Three years ago right now I was methodically (and excitedly) packing for a three week trip to SE Asia. The original plan had been to meet up with a friend who was traveling the world. But plans changed and I ended up traveling alone over the Christmas holidays. To be honest, that was a lot harder than I ever wanted to admit. Spending Christmas eve and Christmas day alone in a foreign country is not for the weary. Watching everyone else have a jolly ol’ time was the hardest part and I still get an uncomfortable feeling just thinking about it. I need to remember that feeling and take advantage of the fact that I will see lots and lots of family this year and enjoy it.
Without further ado, here’s what I had to say back in 2008 during the lead up to Christmas. I spent a few days in blissful Bangkok before heading off to Laos and Vietnam. Now I want to go back…
I flew over the mountains and into the tiny airport for Luang Prabang. It was the luxurious way to arrive, sparing me from a 12-hour bus ride through the fog and along the edge of the mountain to get here. How is it that places and events are never what you expect them to be? Instead of wide boulevards and multi-storied balconied buildings, Luang Prabang is more Carmel, with wooden signs that all look the same naming the restaurants, shops and sights. The entire city of Luang Prabang is a UNESCO World Heritage Site and some argue it is the most beautiful town in SE Asia.
Laos itself is sandwiched between Thailand, Vietnam and China and has remained largely removed from the modern world until recently. But now that it is on the traveler’s map, Laos is changing rapidly, modernizing and sweeping in to reap the rewards of a tourist industry. To be honest, Luang Prabang is almost too discovered. On the plus side, some smart entrepreneurs who understand how depleting to the culture the tourist industry can be, have come in and set up eco-tourism companies and fair trade shops. But it feels as if Westerners are behind many of the businesses here, they too want to make a profit.

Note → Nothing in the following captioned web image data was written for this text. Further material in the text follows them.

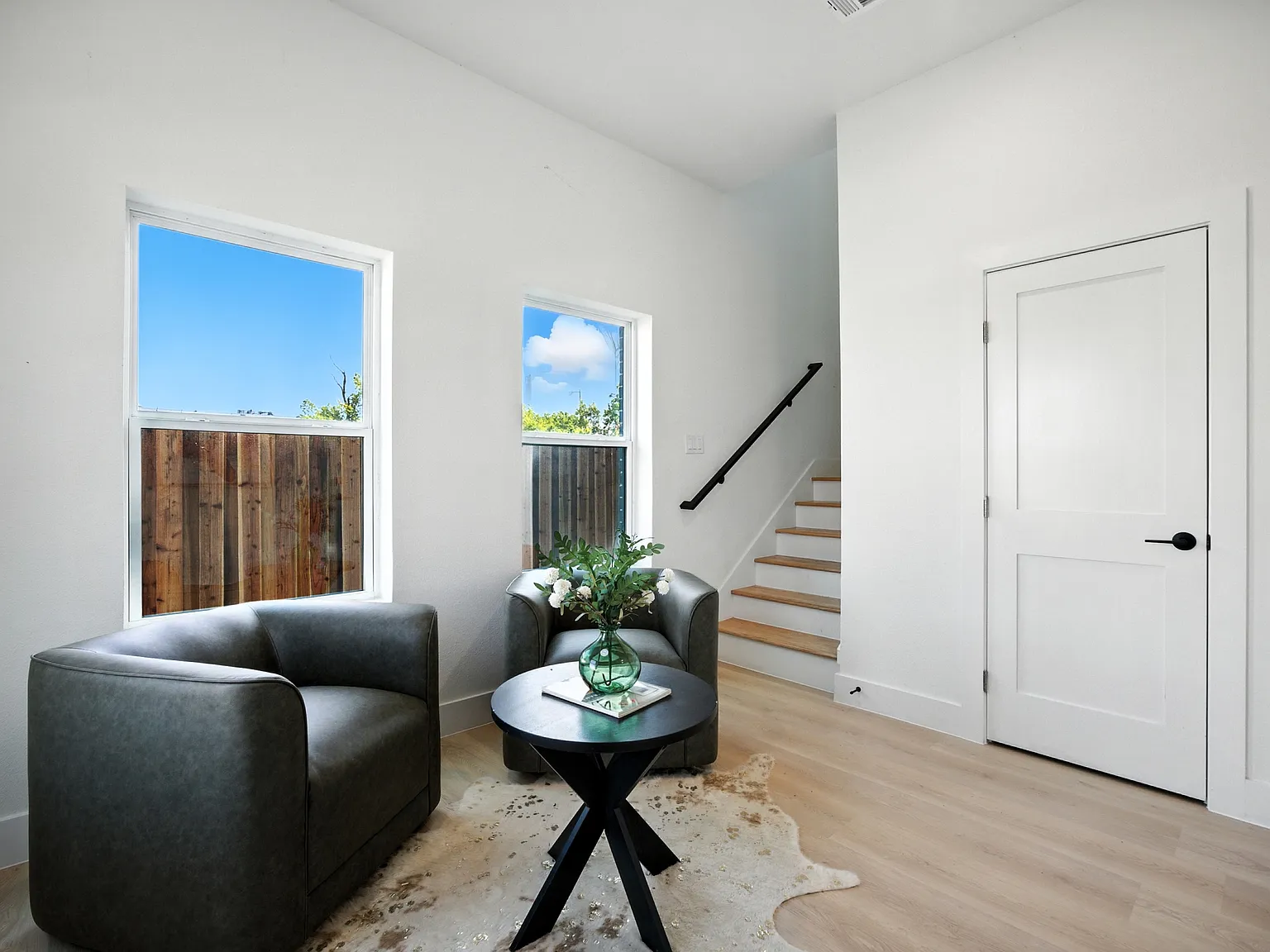 3 bed, 3.5 bath, 1941 sqft, $2,750 — Photo 4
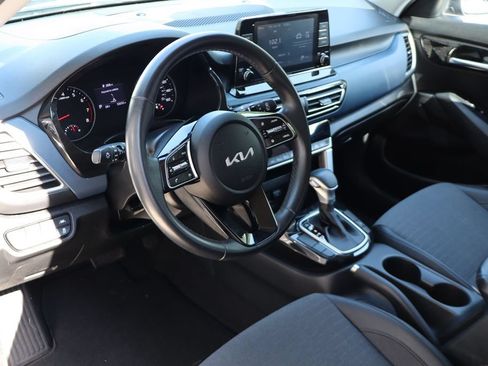 Used 2023 Kia Seltos S FWD image 4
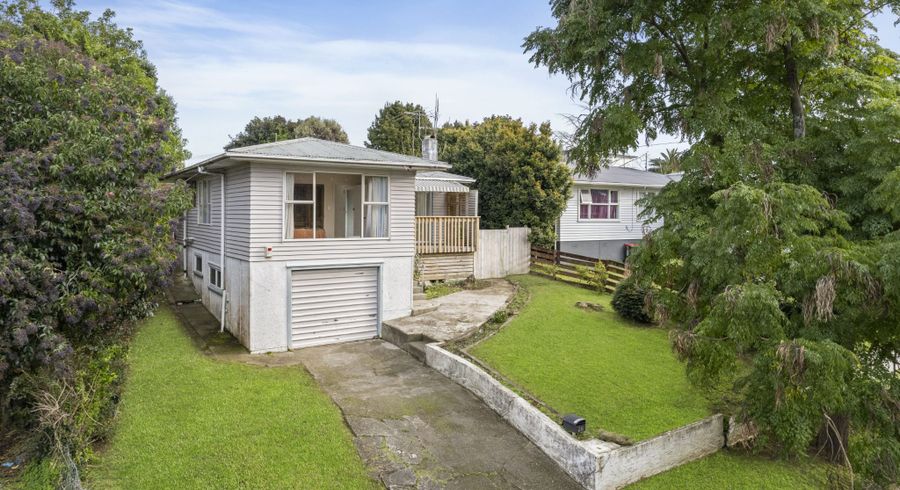  at 28 Dreadon Rd, Manurewa, Manukau City, Auckland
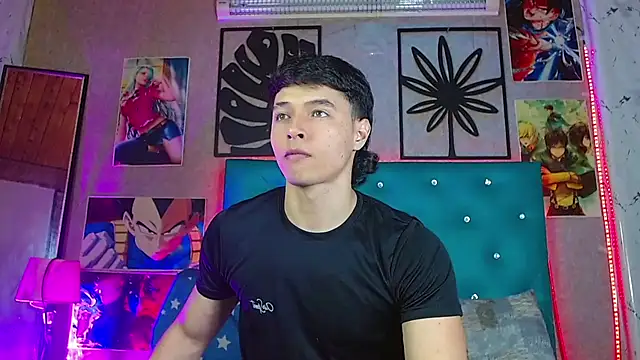 Snapshot of LiamAndrewzz chatting on August 4, 2026, 4:17 am LiamAndrewzz online show from August 4, 2026, 4:17 am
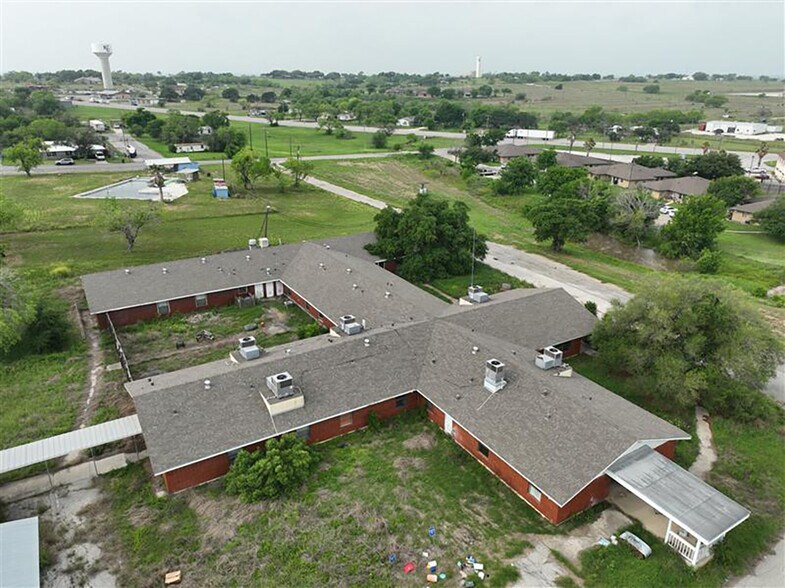 More Photos Of 209 Country Club Dr, Karnes City Rehabilitation Center For Lease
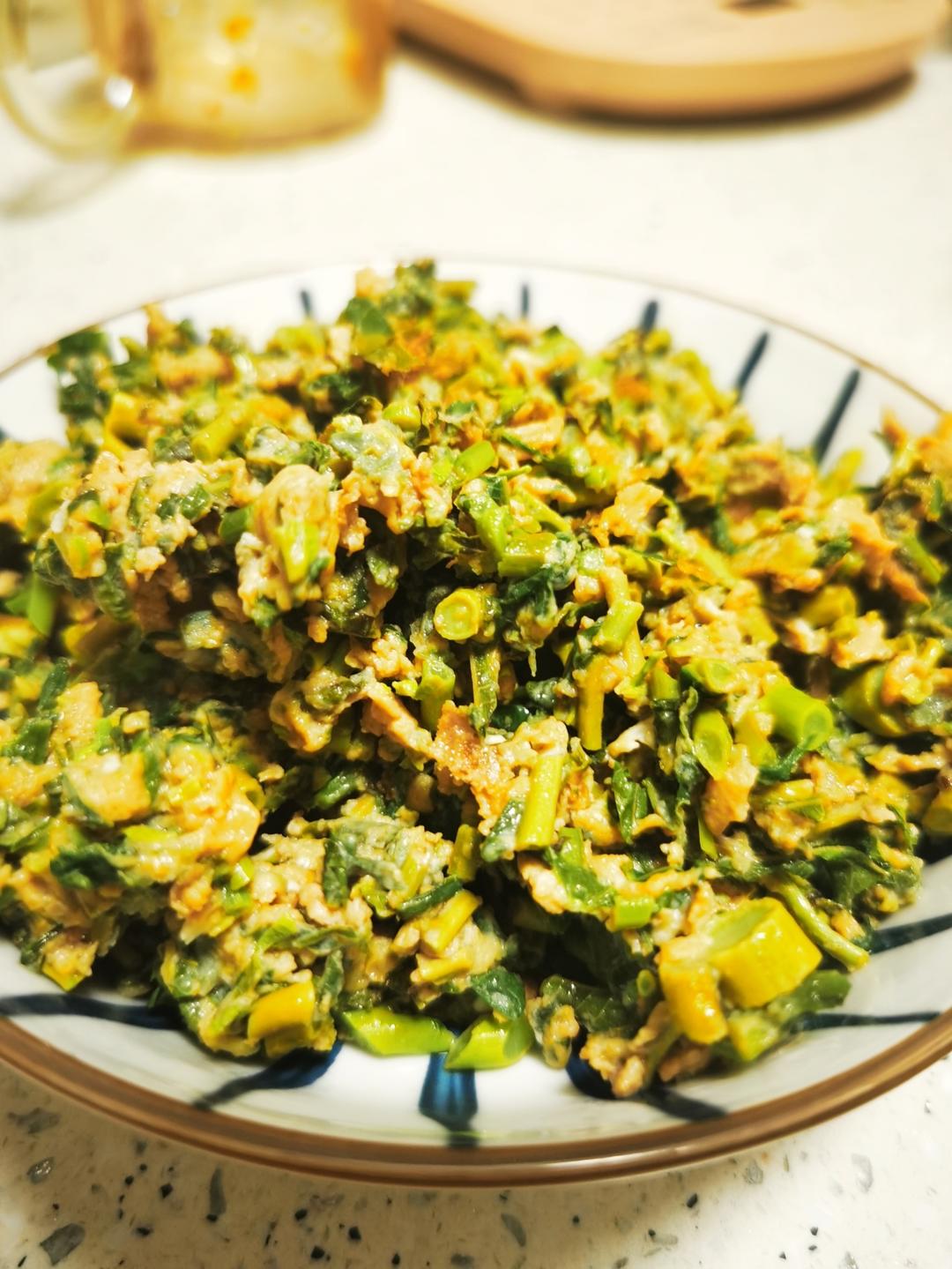 香椿芽炒鸡蛋
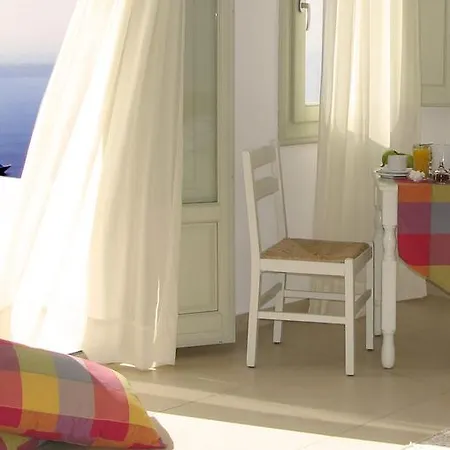 Konukevi Irida - Santorini 4*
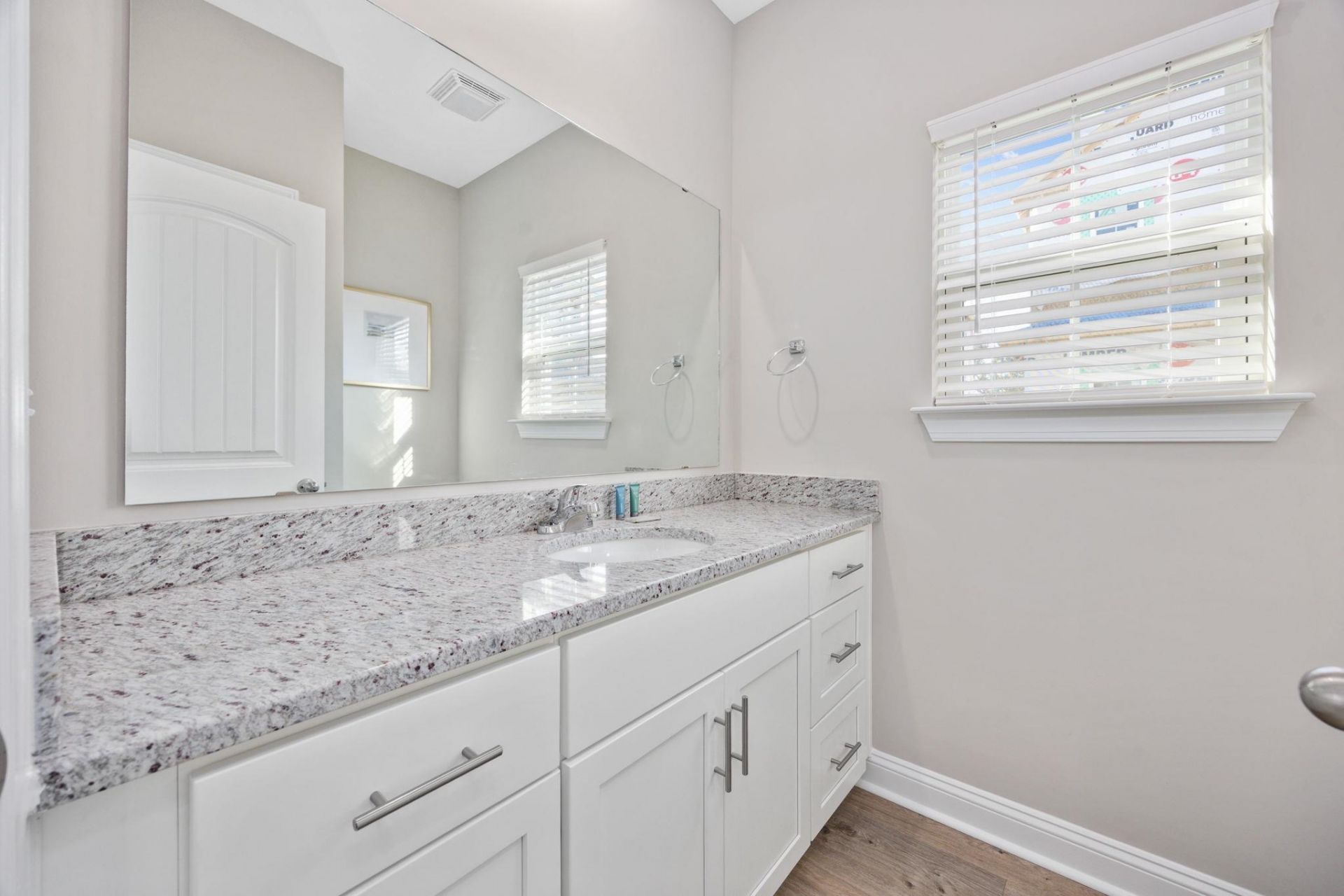 202 Madison Ct. Photo 31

The people of Laos are very gentle and calm and perhaps this is because the country is predominantly Theravada Buddhists. It is common for the boys to become monks for several years as part of their education and as a rite of passage, I imagine. (It definitely cuts down on the teenage angst.) The city is dotted with Buddhist temples and wats and lots and lots of Buddhas.
One of the wats I visited is also a school of arts, where young monks can practice the art of wood carving, casting, painting and drawing.
Caves where Buddha slept and imprints of Buddha’s foot are paid homage to at Wat Phu Si.
There are many different Buddhas here… Fat Buddha, Sleeping Buddha, Enlightened Buddha…
Here are some of the young monks as they come down the street waiting to be fed by the people.
The view over the Mekong River in Luang Prabang.
Monks collecting alms.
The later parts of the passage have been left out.